*** INFORMATION SHOWN ***
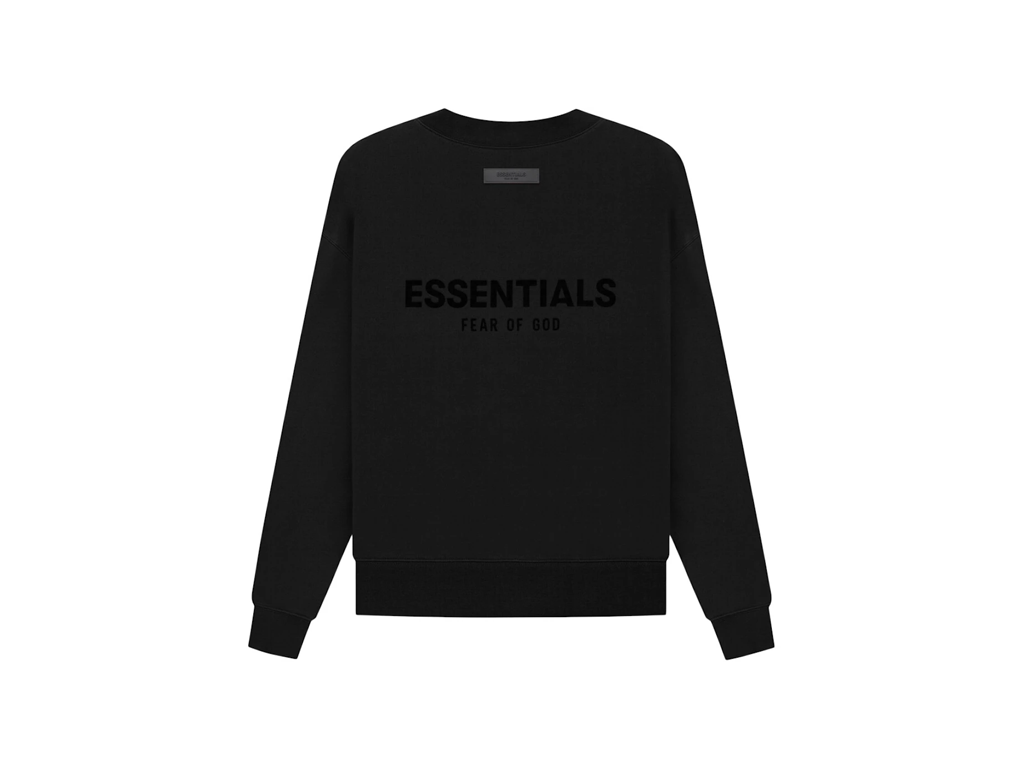 Fear of God Essentials Crewneck S22 Black Limo - PIKASTORE-Fear of God-pikastore.cz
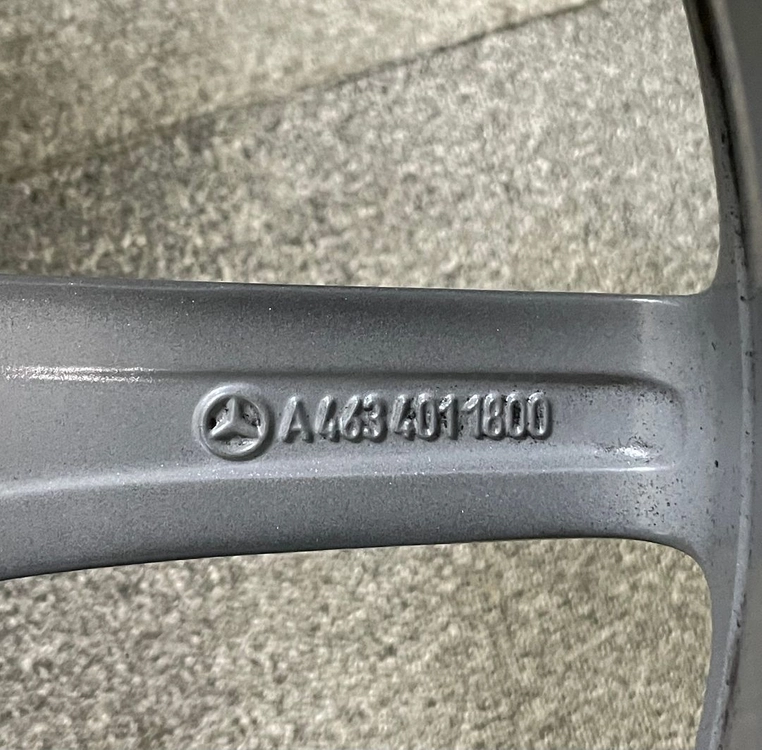 벤츠 G바겐 G63AMG 정품 20인치 휠1개 판매 이미지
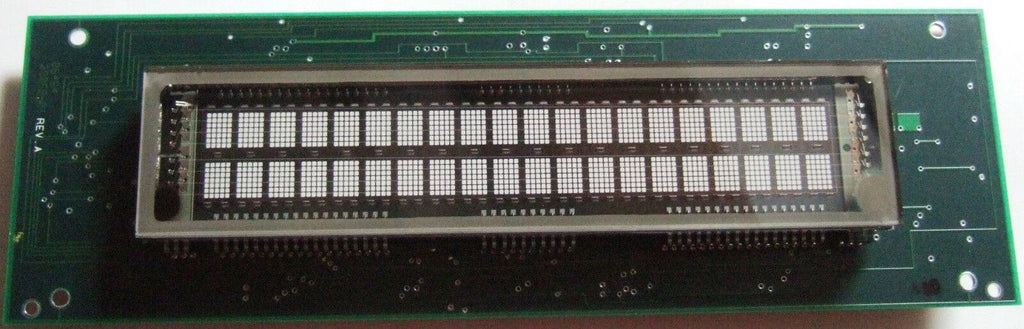 IEE 05464ASSY 36069 - 01B 8" x 2" VFD Vacuum Fluorescent Display 05464ASSY36069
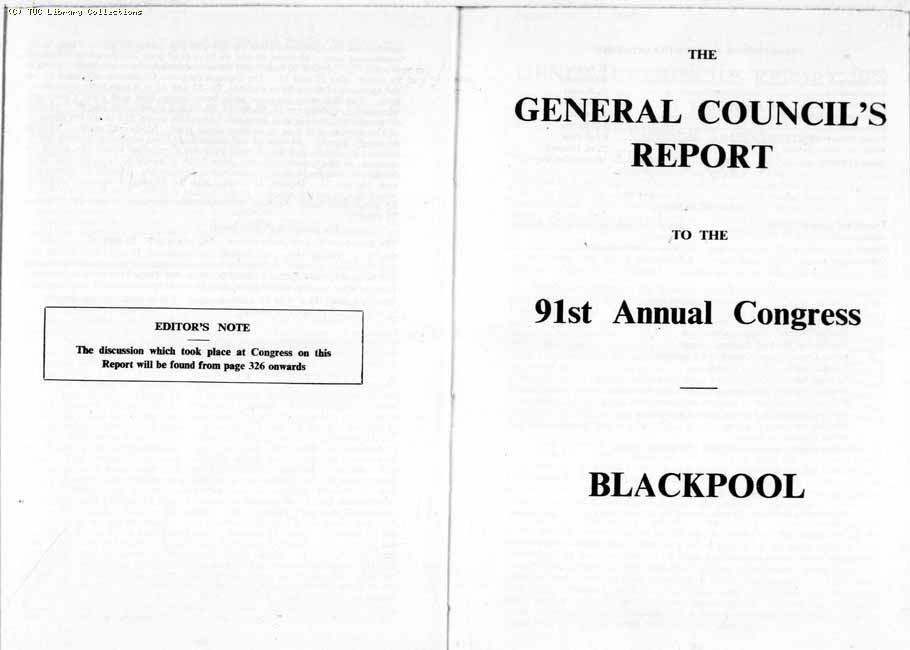 TUC Report, 1959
*** End of INFORMATION SHOWN ***
BRIEF: Everything in the data except the pictures must be transcribed exactly.

FINISHED EXERCISE:
 Fear of God Essentials Crewneck S22 Black Limo - PIKASTORE-Fear of God-pikastore.cz
 벤츠 G바겐 G63AMG 정품 20인치 휠1개 판매 이미지
 IEE 05464ASSY 36069 - 01B 8" x 2" VFD Vacuum Fluorescent Display 05464ASSY36069
 TUC Report, 1959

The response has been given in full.